I spent my first year of college at Eastern Mennonite University (EMU) where I first began to learn and understand the LGBTQ (lesbian, gay, bisexual, transgender, queer and questioning) community. I joined Safe Space and went to as many discussions and events as I could. I wanted to see what the big deal was, because coming from a fairly conservative background, LGBTQ topics were generally regarded as taboo. Despite that fact, I began to come to the conclusion that queer people were really just people, and this became evident the more I talked with those in the queer community.
When I transferred to Goshen, I noticed these purple shirts that people wore around campus that had the letters ‘LGBTQ’ on them. Although I was initially enthused about having the campaign on campus, I had decided to hide my enthusiasm until I fully understood what the shirts meant.
So I would get emails about when to wear the shirts, and I would wear one, but I would wear it under a sweatshirt or something of that sort. I think I was afraid of being simply categorized as just another activist waving a rainbow flag. Supporting this cause seemed to mean so much more to me than just activism. With my limited knowledge of the campaign, it was about supporting human beings and their ability to love other human beings. It was about supporting love. Who can say they are against love?
For those people who are still confused about GC Open Letter, the movement is a campaign on campus seeking to change the hiring policy that currently is not inclusive of LGBTQ individuals. When I understood what the campaign meant, I thought about my friend, Stefan who has been an openly gay man on campus for about one and half years.
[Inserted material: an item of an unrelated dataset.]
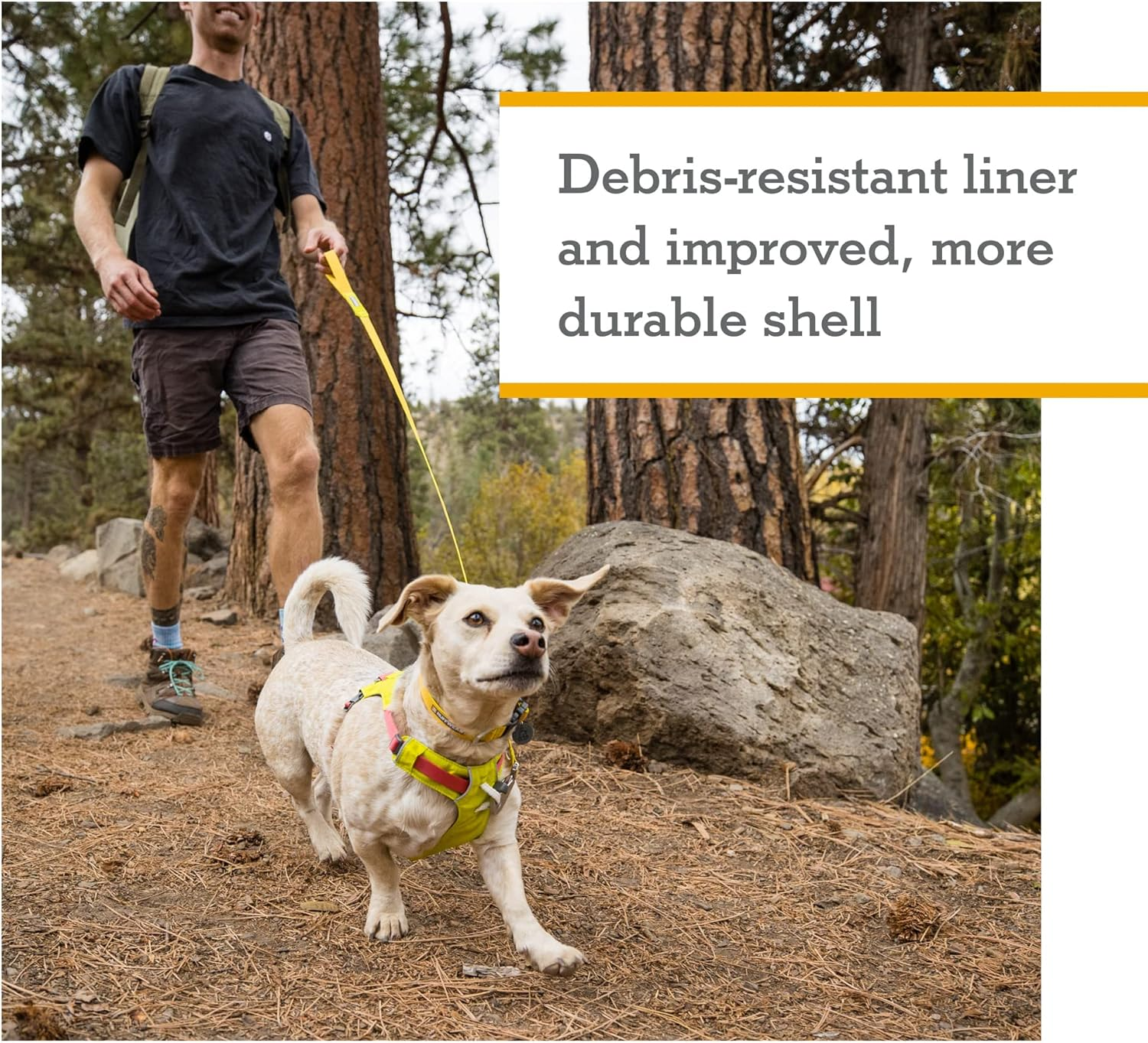 RUFFWEAR Hi & Light Dog Harness, No Pull Harness for Dogs Small, Medium, Large & XL. Fully Adjustable Lightweight Harnesses with Aluminium Lead Attachment Portal & ID Bag, Sage Green (XXS, 33-43 Cm) image number 5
Stefan cannot come back to Goshen if he ever wanted to receive a job because he has been open about his sexual orientation to the college and the community. Anyone who knows Stefan knows that he loves Goshen, and not allowing Stefan to come back to Goshen is discrimination. This is true for anyone who has been open about their sexual orientation at Goshen.
I normally do not enjoy being in the spotlight. I like keeping my opinions and feelings private. However, when I think about all the wonderful people that Goshen is missing out on, I want my voice to be heard because this issue matters. This issue matters because it is about people being singled out for something that they cannot control. It matters because they are being told that they are not free to love whomever they want. It matters because we are still using the terms “us” and “them” when it should be a non-issue.
I’m not trying to devalue anyone for what they believe. If you think it’s a sin, that’s fine, but ultimately, there needs to more awareness of how our words and actions affect other people. That sometimes, without knowing it, our words can hurt. How can we talk about diversity and inclusion and not open our doors for absolutely everyone?